Reformasi tahun 1998 ternyata berdampak luas, yang terjadi ternyata bukan hanya perubahan rejim politik. Perubahan-perubahan kualitatif berskala luas-etis telah mengalir mewujudkan semangat dan jiwa UUD 45 dan Pancasila. Yang pertama layak dicatat adalah Kebijakan Presiden Gus Dur yang menghapus diskriminasi warga Tionghoa. Ini merupakansebuah lompatan peradaban bagi Indonesia dan buah manis masa reformasi sekaligus bukti bahwa Indonesia bisa memajukan Hak asasi manusia.

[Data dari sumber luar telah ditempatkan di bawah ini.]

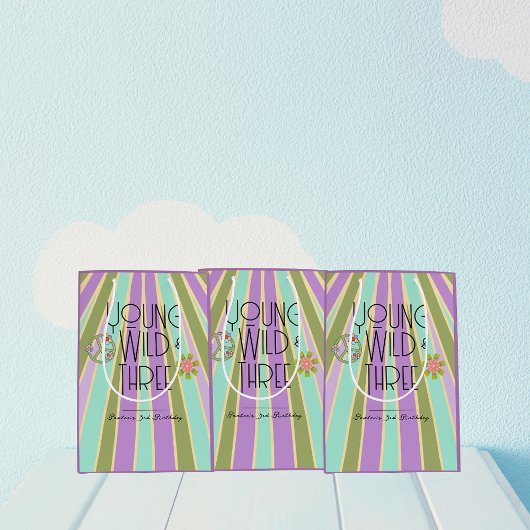 Jeune, sauvage et trois | Sac cadeau d'anniversair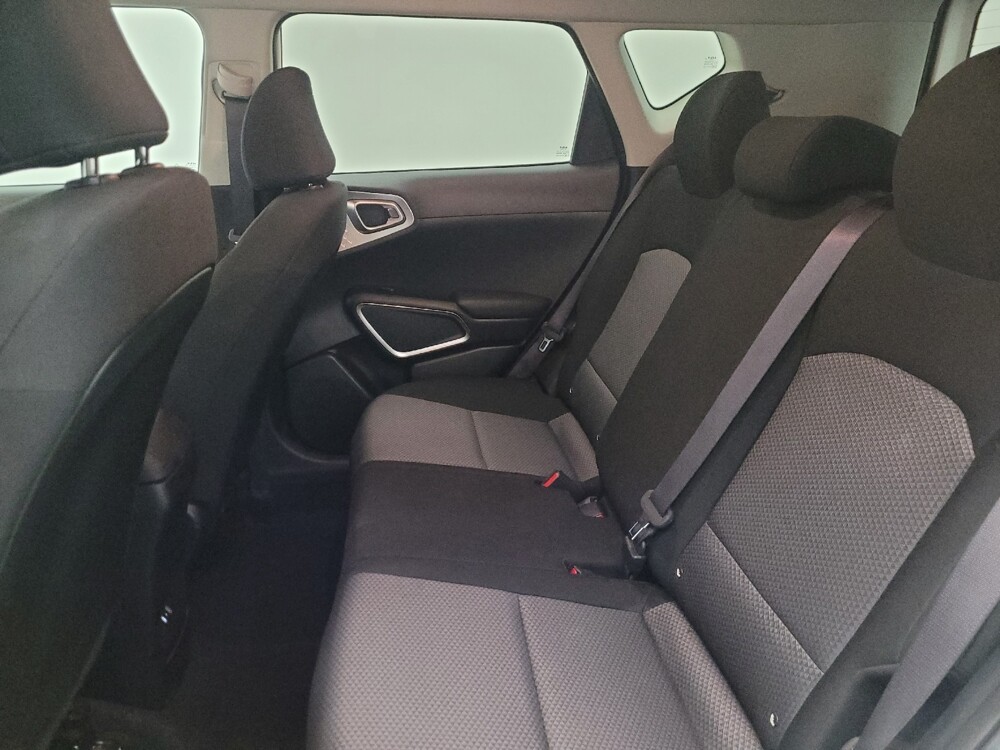 2024 Kia Soul in Phoenix, AZ 85015 - 18129085 18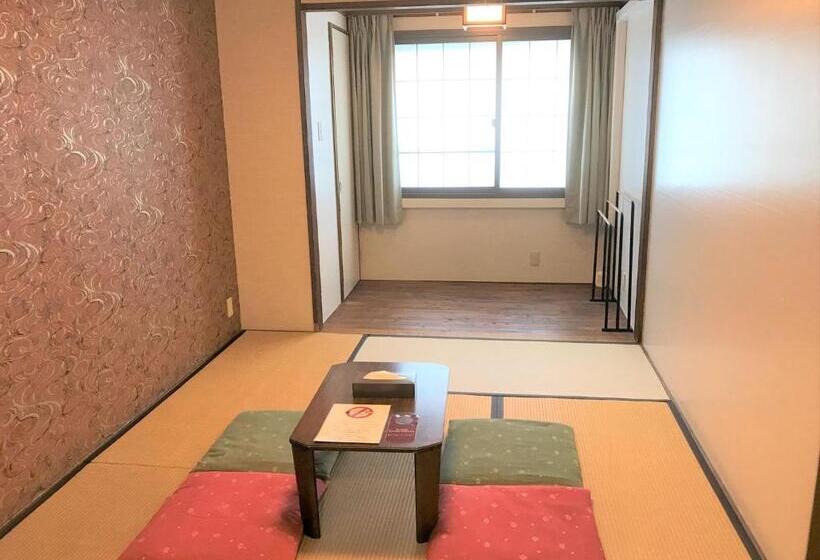 חדר סטנדרט לשלושה עם חדר אמבטיה משוף, K S House Hostels   Hakone Yumoto Onsen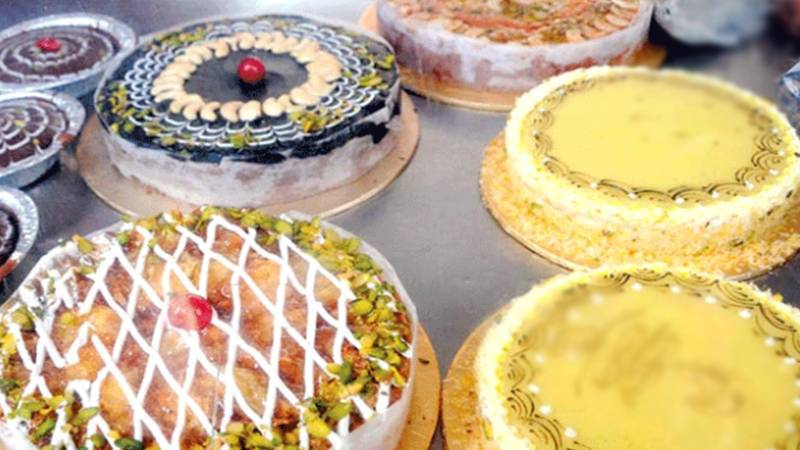 عید الفطر کے موقع پر لاہور کی بیکریوں میں کیک کی مانگ میں اضافہ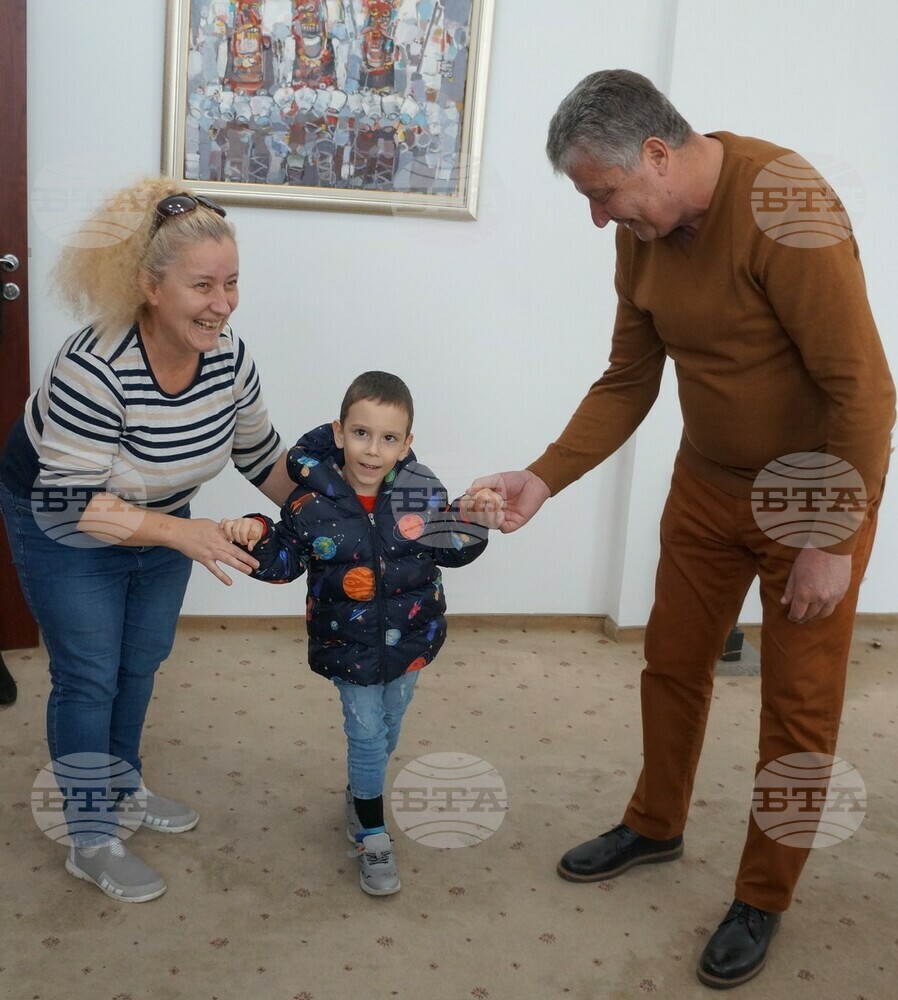 Средства от Коледния благотворителен бал на община Тунджа отиват за лечение на 6-годишния Виктор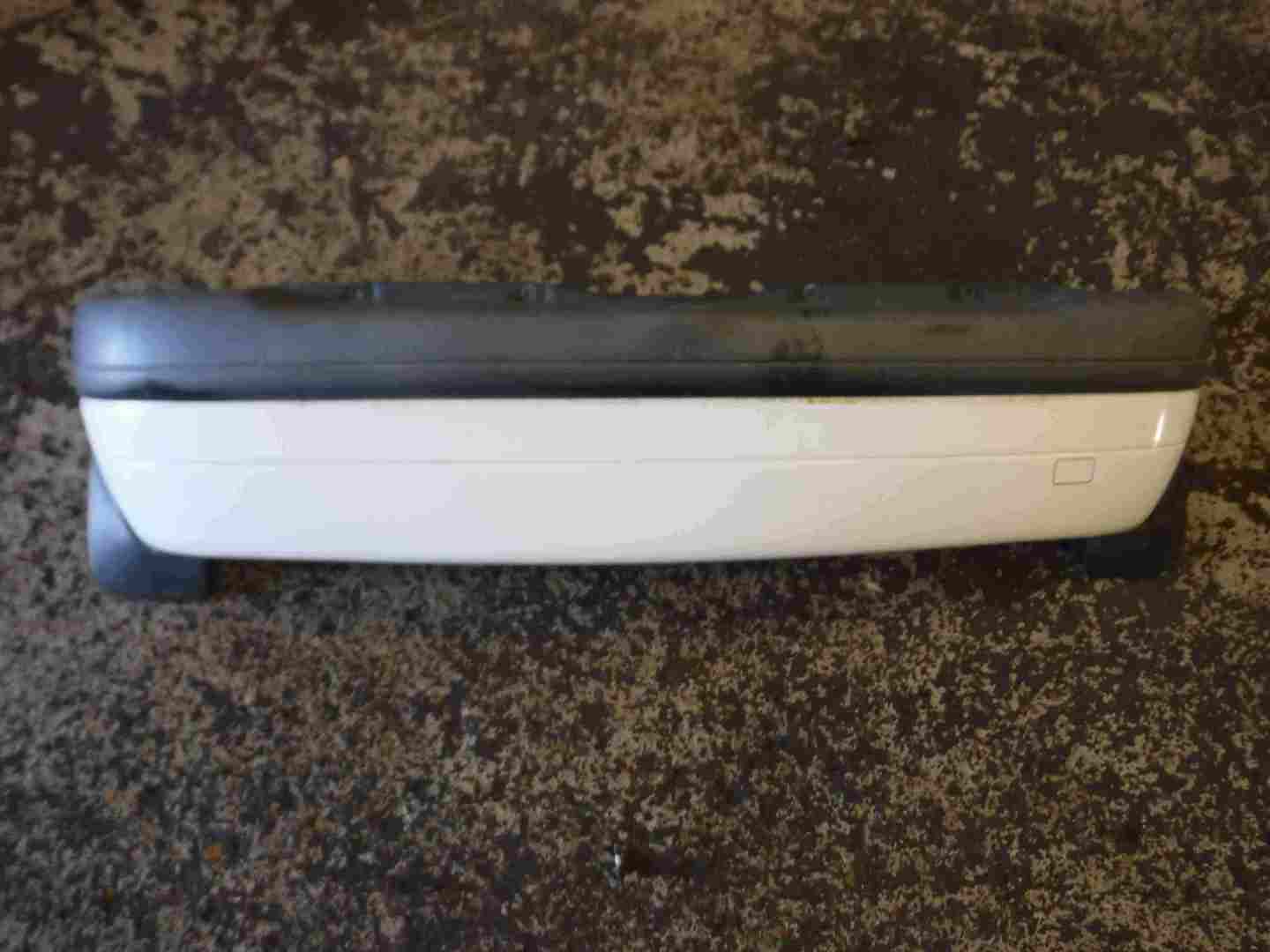 Renault Clio MK2 1998-2001 Rear Bumper White D389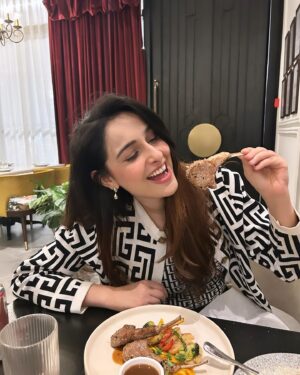 Sadia Khateeb Instagram - Never said NO to fun and food 🤍🤎❤️🖤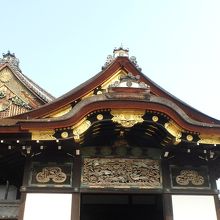 唐門とともに、彫刻が美しい。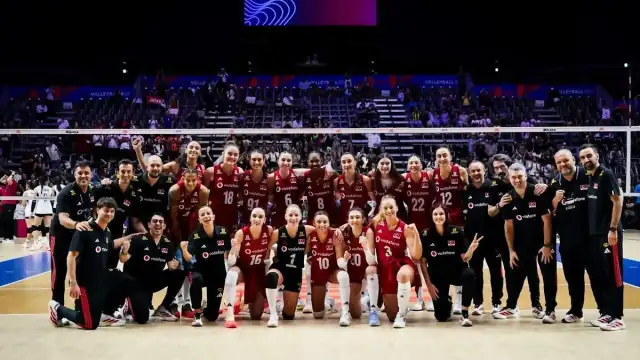 Voleybol Milletler Ligi: Filenin Sultanları Tayland Karşısında Galip Geldi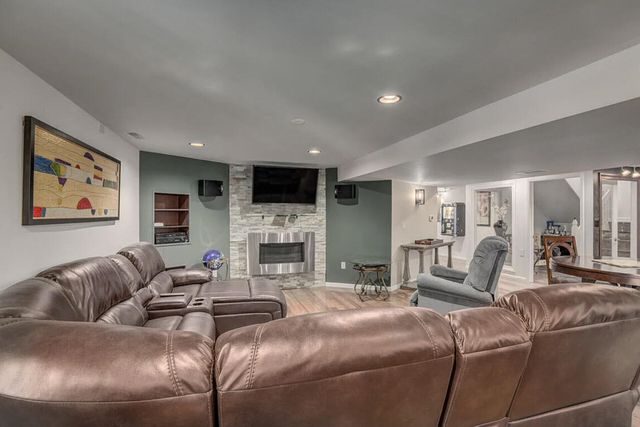886 Squire Oaks Drive, Villa Hills, KY 41017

Kedua, lahirnya UU HAM tahun 1999 dan Pendirian Komnas HAM (1993). Meski merupakan konsesi dan kompromi politik, akan tetapi sejilid regulasi dan sebuah lembaga itu terbukti menjadi macan sosial” yang berdampak luas ke tingkat warga dan seluruh NKRI. Sejak itu, setiap warga Indonesia bukan saja memiliki kata-kata tetapi juga lembaga yang siap membela dan melindungi warga yang terlanggar haknya.

Ketiga,  UU SJSN (Sistem Jaminan Sosial Nasional) tahun 2004 yang memberi tanda bahwa setiap jiwa di Indonesiaberhak memperoleh dan menikmati  atas jaminan sosial dan kesejahteraan melalui penyelenggaran jaminan sosial untuk semua warga; bukan hanya alat negara dan pekerja perusahaan. Meski harus menunggu hinga tahun 2011, akhirnya manfaat Jamsos di Indonesia menjadi nyata dan dirasakan warga. Tentu, dengan semua kelebihan dan kekurangnnya.

Baca Juga  Cara Bermaafan Di Hari Raya Idul Fitri yang Benar

Ukuran Kemajuan

Seorang anak di Sulawesi yang diselamatkan oleh Polisi dan dinas sosial dari perlakuan kejam ayahnya bukan saja memulihkan kebebasan satu orang warga tetapi kebebasan seluruh generasi. Masa depannya dibebaskan dari belenggu tirani sehingga ia akan memiliki kesempatan untuk berkembang dan besar sesuai bakatnya. Setidaknya segawai warga tanpa dendam dan tanpa luka batin.

Seorang Ibu pedagang di pasar di Medan yang dilindungi dari perlakukan semena-mena kelompok preman bukan saja tindakan penegakan hukum tetapi juga pemajuan Ham bagi kelompok lemah dan rentan. Dan, seorang pegawai muda di sebuah lembaga negara di Jakarta yang akhirnya memperoleh keadilan dari pelecehan seksual akan membentuk penghargaan kepada peran negara dan kepercayaan kepada sesama.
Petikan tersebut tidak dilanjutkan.